▶ Data for analysis:
▼

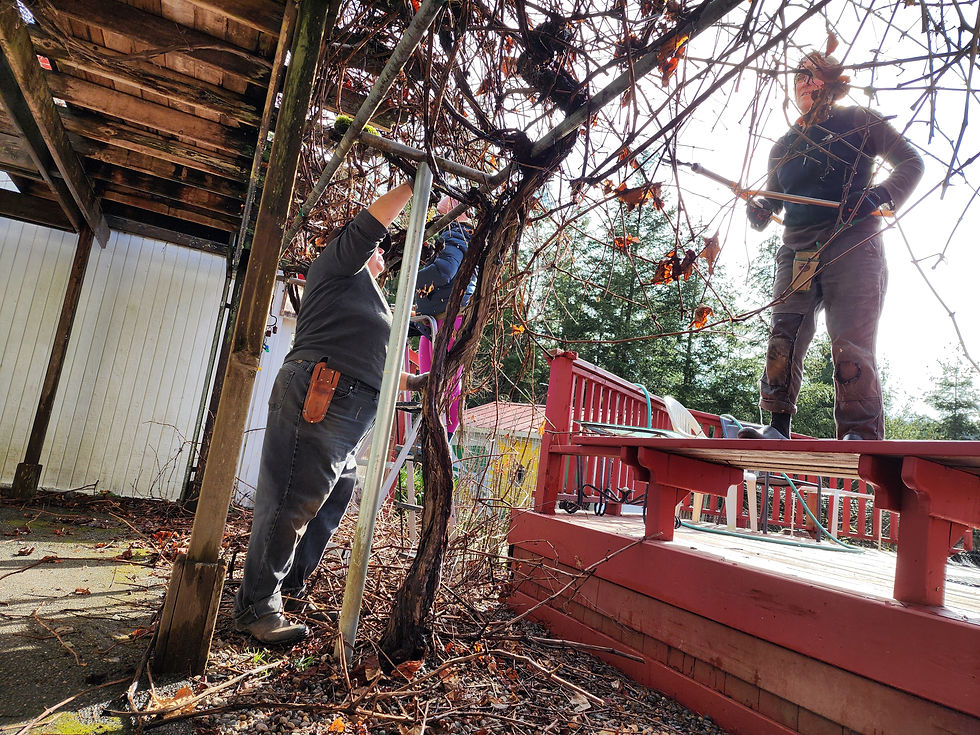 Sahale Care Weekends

▲
▼

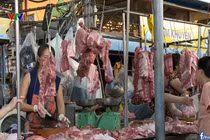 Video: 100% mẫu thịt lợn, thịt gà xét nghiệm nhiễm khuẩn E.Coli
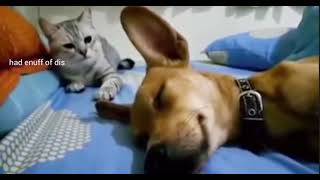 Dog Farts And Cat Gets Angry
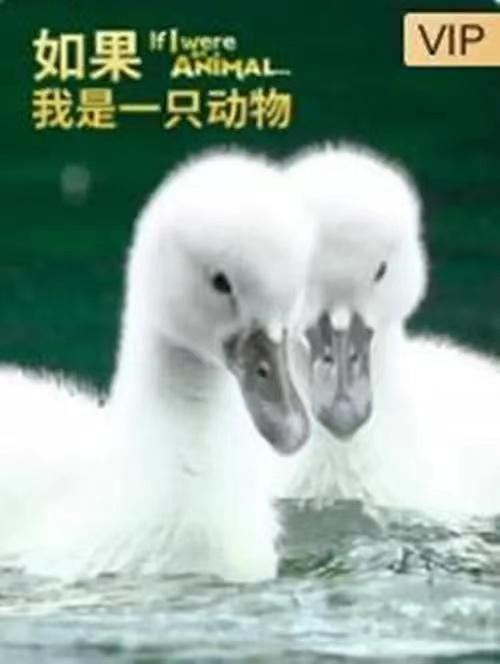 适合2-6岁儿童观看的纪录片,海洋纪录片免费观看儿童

▲

▶ What is expected:
For the entries above, print exactly the lines between the one with "Dog Farts And Cat Gets Angry" and the one with "适合2-6岁儿童观看的纪录片,海洋纪录片免费观看儿童", inclusive, with no pictures.

▶ Result of this task:
 Dog Farts And Cat Gets Angry
 适合2-6岁儿童观看的纪录片,海洋纪录片免费观看儿童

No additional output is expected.